There’s a great sense of familiarity about the latest from Radio Silence boys Matt Bettinelli-Olpin and Tyler Gillett, with its old-world estate setting and hunters-become-the-hunted dynamics, and one could quite readily pair it with their beloved 2019 breakout hit Ready or Not for a popcorn gobbling, tongue-in-cheek, decidedly gloopy double-bill. In the interim, of course, they’ve helmed the last two Scream revivals, and from there they bring a) greater experience and b) Melissa Barrera, hoisted out of a franchise train-wreck and here to show – simply and confidently – that she’s a genre movie mainstay and one hell of a charismatic lead.

With an array of facades to crack, Abigail beds down in character work for a while, and the cast are pitch-perfect. This motley crew is immensely likable, adhering to a number of stereotypes (Durand is out-Baustista-ing Bautista here) and playing them with aplomb. Even Angus Cloud draws something appealing out of Dean’s addled nonsense and awkwardly played affection for Sammy. Ace in the pack – unsurprisingly – is Dan Stevens, who is positively transformative as Frank, charting a course from nervy outsider to all-out badass (his character’s real name, by-the-by, feels like an Easter egg hat-tip to some old colleagues of these filmmakers). Between this and Godzilla x Kong, Stevens is having a banner year, and we still have Cuckoo to look forward to.

All of this is talking around the twist that’s already been spoiled; that Abigail herself is a centuries-old vampire and the set-up is a double-cross so she can spend a night and a day toying with her prey before taking bloody satisfaction. Thanks to over-exposure a decade or so ago by the twin titans of Twilight and True Blood, it feels like a long minute since vampires have been in vogue, but Abigail could pull a revival all on its own. Bettinelli-Olpin and Gillett’s brand of beastie has perhaps most in common with the feral, piranha-mouthed stalkers of 30 Days of Night, and once the teeth are out Abigail bathes itself in the vino. This duo’s fondness for reducing doomed characters to exploding blood bags (ala Ready or Not) hasn’t worn out its welcome yet…

Stacked with great lines and clownish scenarios (those onions…), Abigail is a hoot, designed and executed to provide entertainment from start to finish. I was looking at the disparity between my Most Respected movie favourites and my Most Watched over on Letterboxd recently. There’s a lot of overlap, granted, but much as I admire something like Luchino Visconti’s The Leopard or Michelangelo Antonio’s L’Eclisse, its middling Friday the 13th sequels and easy chuck-ons like Happy Death Day that pepper the latter list most keenly. Abigail is a sturdy future addition to a that Most Watched pile, having the feel of a regular rental choice from back in the days of VHS action/horror hybrids.

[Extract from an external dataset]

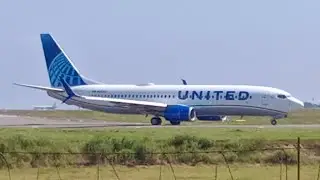 United Airlines B737 Close-Up Plane Spotting at Mactan-Cebu International Airport [CEB/RPVM]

It ain’t perfect. With so many showboating characters to enjoy, its Abigail herself that gets the relative short shrift (though young Weir really takes a bite out of the opportunity). Double-crosses and cagey deals stack up so high that – along with all those identities – it can be tough to keep a track of who you can trust on the initial pass. And the third act goes on a bit, generating a kind of climax-fatigue that a tighter edit or some story trimming could have alleviated. A mystery guest at the finale doesn’t hit with quite the force it could have, mainly because it only hammers home the movie’s already well-struck recurrent theme of absentee parents. Plus, if you’re going to tee-up the appearance of Tom Hanks in act one, anyone less than that is going to feel underwhelming in act three.

Still, the headline is another hit (hopefully) for Radio Silence. Proof that neither they nor Barrera need the dying fumes of a flailing franchise to keep their motors running. I don’t know if my local multiplexes are representative of a greater pattern, but there seems to be some reticence to program Abigail in confident (or even sociable) time slots, so it’s quite possible this one will struggle to find the box office it deserves. But Abigail is doing no-one’s reputation any harm.